A medida foi formalizada por meio da Portaria nº 011/2026-1ªPJSNI, assinada pela promotora de Justiça Larissa Sócrates de Bastos, titular da 1ª Promotoria de Justiça da Comarca de Santa Inês. O procedimento teve início após representação encaminhada pela Ouvidoria do próprio Ministério Público.
Segundo as informações que fundamentaram o inquérito, a Câmara teria efetuado indenizações com recursos da verba parlamentar em desacordo com as Leis Municipais nº 799/2025 e nº 809/2025.
A denúncia aponta que pedidos de ressarcimento não estariam acompanhados de documentos que comprovassem vínculo das despesas com o exercício do mandato.
Além da vereadora, o inquérito inclui o presidente da Câmara, Joel Oliveira de Araújo, a tesoureira Gerlândia Souza de Araújo e o chefe da Controladoria Interna, Raphael Martins de Sousa.
De acordo com a portaria, a verba parlamentar deve custear exclusivamente despesas relacionadas à atividade legislativa, sendo proibida sua utilização para fins eleitorais ou desvinculados do mandato. A legislação municipal fixou limite inicial de R$ 3 mil mensais, posteriormente ampliado para R$ 5 mil.
O MPMA destacou que os documentos apresentados na representação não indicariam de forma clara a relação entre as despesas e a função legislativa. Por isso, a apuração busca verificar eventual violação aos princípios da legalidade e da moralidade administrativa na aplicação da verba parlamentar.
O inquérito civil tem como finalidade reunir elementos para eventual propositura de ação civil pública, celebração de termo de ajustamento de conduta, acordo de não persecução cível ou arquivamento. A definição dependerá do resultado das diligências realizadas ao longo da investigação.

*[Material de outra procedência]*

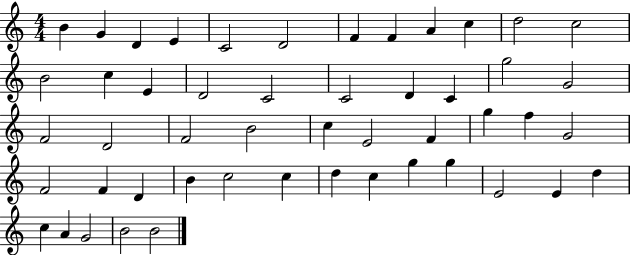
X:1
T:Untitled
M:4/4
L:1/4
K:C
B G D E C2 D2 F F A c d2 c2 B2 c E D2 C2 C2 D C g2 G2 F2 D2 F2 B2 c E2 F g f G2 F2 F D B c2 c d c g g E2 E d c A G2 B2 B2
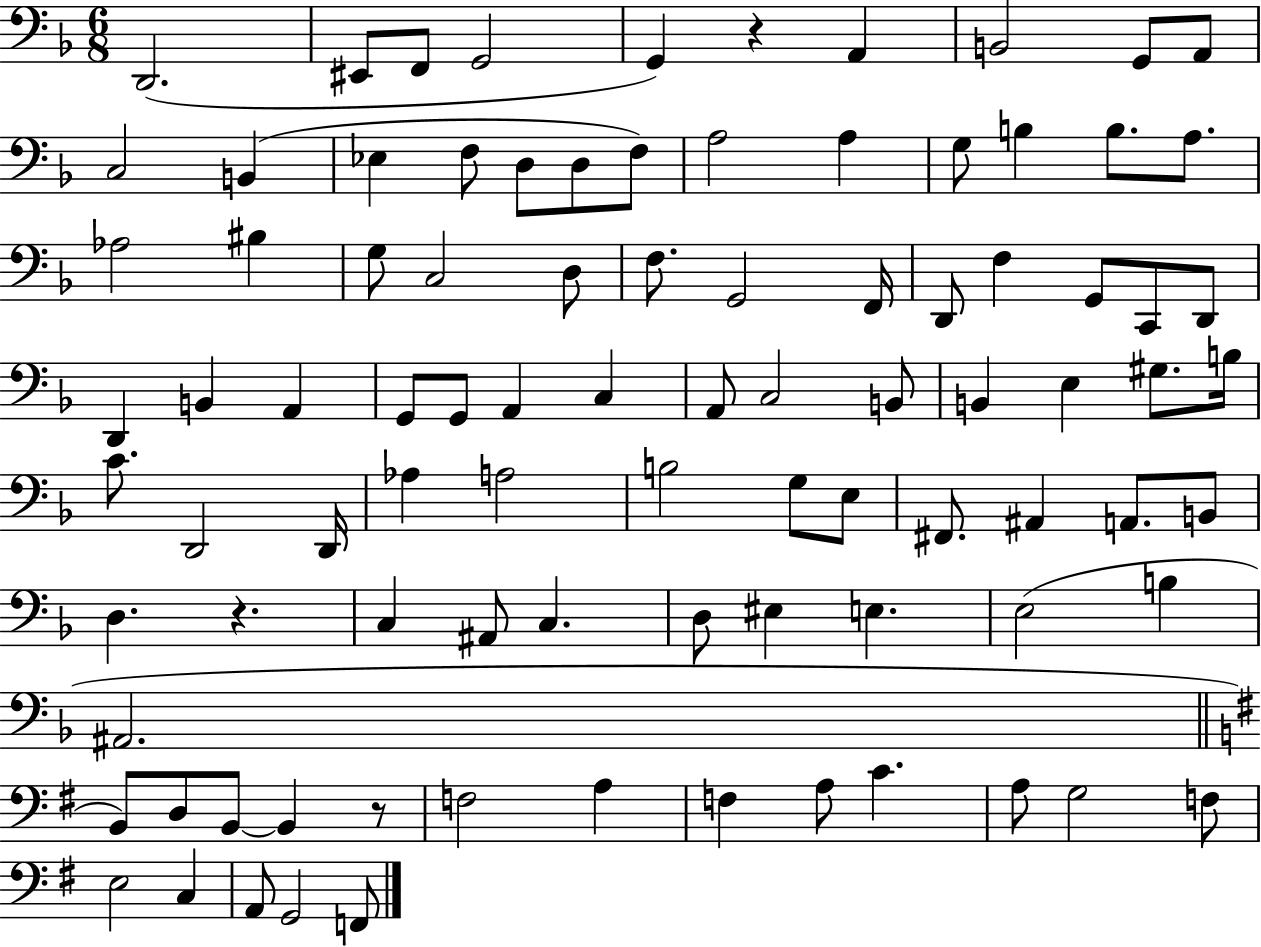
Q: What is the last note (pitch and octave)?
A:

Como primeiras medidas, a Promotoria determinou a notificação dos investigados para apresentação de manifestação e documentos no prazo de 10 dias úteis.
Também requisitou à Câmara cópias das leis que regulamentam a verba parlamentar, atas de aprovação, atos de designação da Comissão de Controle Interno e processos de ressarcimento da vereadora referentes a 2025.